Facebook and Decentralized Identifiers [Thought Palace]

I finally made myself a Facebook account, mostly to see what it’s like. Overall, I’m pretty impressed: the UI is nicer than most such sites, particularly the still-antiquated LiveJournal and the disaster that is MySpace. The biggest issue there seems to be that the main profile page absolutely doesn’t scale up to handle the exploding number of apps/widgets people are stuffing into it, so you end up with mile-long profiles containing box after box of junk.

But the most interesting thing I noticed is how the service has no visible identifiers for user identities. Unlike most centralized services, there’s no unique username to pick. I assume that, internally, each account requires a unique email address, but that address plays very little role in the user experience, apart from its use in helping people find their existing contacts’ profiles. The service does assign a unique number to every profile, and this shows up in profiles’ URLs, but it never seems to appear in the page itself. So there’s no obvious way to say “this is my Facebook ID”, other than pasting in the completely non-mnemonic URL of your profile page. And conversely, the visible identifiers you see for other members are simply their real names (plus photos/icons.)

This makes sense, since Facebook is all about the social network. It may have eight hundred million members (assuming the account IDs are assigned serially) but there’s generally no need to know about, identify or refer to some random member, since it’s almost certainly someone you don’t know or care about. The people in your social network can be referred to by real name, because at that scale the number of name conflicts is so much lower, and you or your friends presumably ruled out spoofs before friending that person. Real names work for the same reason that they work in real life social interactions.

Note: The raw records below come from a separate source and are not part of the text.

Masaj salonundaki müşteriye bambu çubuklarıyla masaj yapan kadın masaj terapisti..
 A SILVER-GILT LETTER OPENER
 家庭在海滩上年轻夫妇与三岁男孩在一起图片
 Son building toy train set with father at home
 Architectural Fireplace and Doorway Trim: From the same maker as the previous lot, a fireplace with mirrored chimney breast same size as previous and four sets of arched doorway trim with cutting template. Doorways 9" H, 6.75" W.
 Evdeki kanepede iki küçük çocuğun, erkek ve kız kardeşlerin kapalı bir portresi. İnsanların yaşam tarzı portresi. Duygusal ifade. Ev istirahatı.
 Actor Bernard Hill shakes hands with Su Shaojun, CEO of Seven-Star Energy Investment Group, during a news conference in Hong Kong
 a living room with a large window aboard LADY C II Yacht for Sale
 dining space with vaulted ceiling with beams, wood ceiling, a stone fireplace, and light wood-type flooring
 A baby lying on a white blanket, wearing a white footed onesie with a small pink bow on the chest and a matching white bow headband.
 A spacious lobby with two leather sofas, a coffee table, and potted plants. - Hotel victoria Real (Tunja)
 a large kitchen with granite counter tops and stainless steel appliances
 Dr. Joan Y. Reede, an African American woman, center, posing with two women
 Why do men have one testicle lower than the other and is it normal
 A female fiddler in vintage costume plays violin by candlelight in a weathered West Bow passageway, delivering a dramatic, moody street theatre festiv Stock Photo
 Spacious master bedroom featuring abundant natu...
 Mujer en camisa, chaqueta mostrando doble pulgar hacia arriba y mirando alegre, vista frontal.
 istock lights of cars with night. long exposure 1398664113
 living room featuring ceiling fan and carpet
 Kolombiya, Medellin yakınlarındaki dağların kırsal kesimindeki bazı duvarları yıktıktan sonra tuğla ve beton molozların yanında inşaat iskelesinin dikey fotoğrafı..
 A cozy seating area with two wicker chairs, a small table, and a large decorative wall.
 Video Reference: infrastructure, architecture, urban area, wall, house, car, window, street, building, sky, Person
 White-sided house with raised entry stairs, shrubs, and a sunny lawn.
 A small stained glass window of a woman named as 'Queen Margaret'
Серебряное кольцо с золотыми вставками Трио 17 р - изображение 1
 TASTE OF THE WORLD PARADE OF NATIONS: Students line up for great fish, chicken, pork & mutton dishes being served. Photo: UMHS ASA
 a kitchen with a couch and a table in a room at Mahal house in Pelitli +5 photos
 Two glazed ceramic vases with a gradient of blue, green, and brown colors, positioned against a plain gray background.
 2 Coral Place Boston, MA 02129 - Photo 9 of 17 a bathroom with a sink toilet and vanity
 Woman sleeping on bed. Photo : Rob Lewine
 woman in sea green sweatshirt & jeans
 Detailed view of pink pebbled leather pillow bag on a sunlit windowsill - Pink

This avoids a lot of problems. Unique usernames, while deliciously old-school-geeky, don’t scale well to the modern Internet, as has been apparent since the rise of AOL 15 years ago. A username like “snej” or “JohnWilson” has great mnemonic value, but after a while everything’s already been taken but “fuzzi_bunney_37327” or “JohnWilson9284”, which are far less useful.

Using email addresses as IDs adds more room with a second level of namespace, and removes the need for people to make up new IDs for every site, but in practice it exposes the existing flat-namespace problem of the big ISPs and portals. “fuzzi_bunney_373@gmail.com” isn’t much of an improvement. There’s also the privacy and spam problem of exposing those emails to others.

There is no unique identifier.

It turns out there really isn’t any good solution for universal unique personal identifiers. This has been one of the factors blocking the utopian goal of a global Public Key Infrastructure (PKI): to be useful, a certificate has to assure you of its owner’s identity, which means it has to contain some signed identifier that you can associate with a real person (or persona). But, as argued convincingly by Carl Ellison in his paper Improvements on Conventional PKI Wisdom, there isn’t any such identifier that always works. Real names don’t work because they’re not unique enough, not globally or even in any large organization. Ellison calls this the “John Wilson problem”, named after eight Intel employees with that name, who kept getting misdirected email. (I think of it as the “Steve Smith” problem, after an old co-worker of mine at Apple.) Adding middle initials doesn’t help, of course, because most people don’t know their friends’ or co-workers’ middle initials. Ellison concludes:

“Human beings do not use names the way we want them to. … Computer developers … think of names the way we do variable names or path names. That is, a name is some string, unique within its block or directory or context, that unambiguously identifies some object. … Compilers and operating systems may behave this way, but human users do not.”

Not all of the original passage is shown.